▶ Material shown

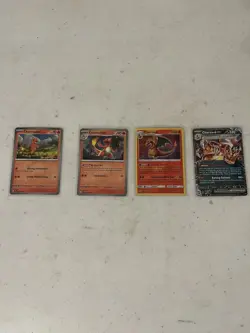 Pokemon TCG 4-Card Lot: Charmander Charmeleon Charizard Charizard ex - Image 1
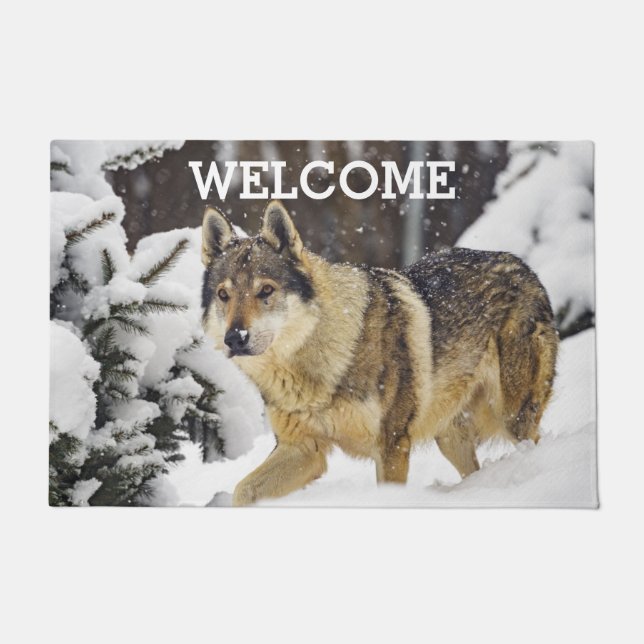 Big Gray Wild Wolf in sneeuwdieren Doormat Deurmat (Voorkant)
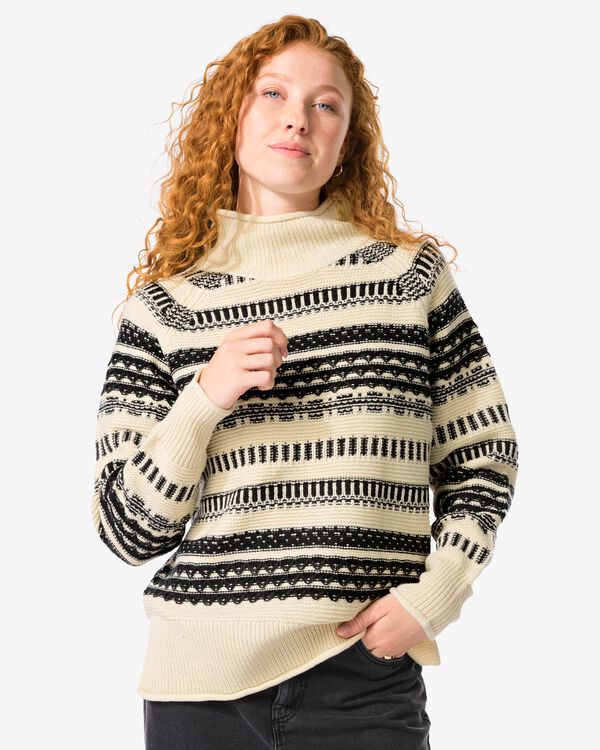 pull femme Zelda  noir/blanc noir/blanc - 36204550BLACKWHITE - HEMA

* * *

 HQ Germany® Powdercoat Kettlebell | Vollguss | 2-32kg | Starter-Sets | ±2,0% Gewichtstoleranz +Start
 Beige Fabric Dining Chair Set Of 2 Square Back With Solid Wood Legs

▶ What is needed
Look above for the line with "Pokemon TCG 4-Card", then give again exactly every line from there through the line with "pull femme Zelda", skipping the pictures.

▶ Answer to this exercise
 Pokemon TCG 4-Card Lot: Charmander Charmeleon Charizard Charizard ex - Image 1
 Big Gray Wild Wolf in sneeuwdieren Doormat Deurmat (Voorkant)
 pull femme Zelda  noir/blanc noir/blanc - 36204550BLACKWHITE - HEMA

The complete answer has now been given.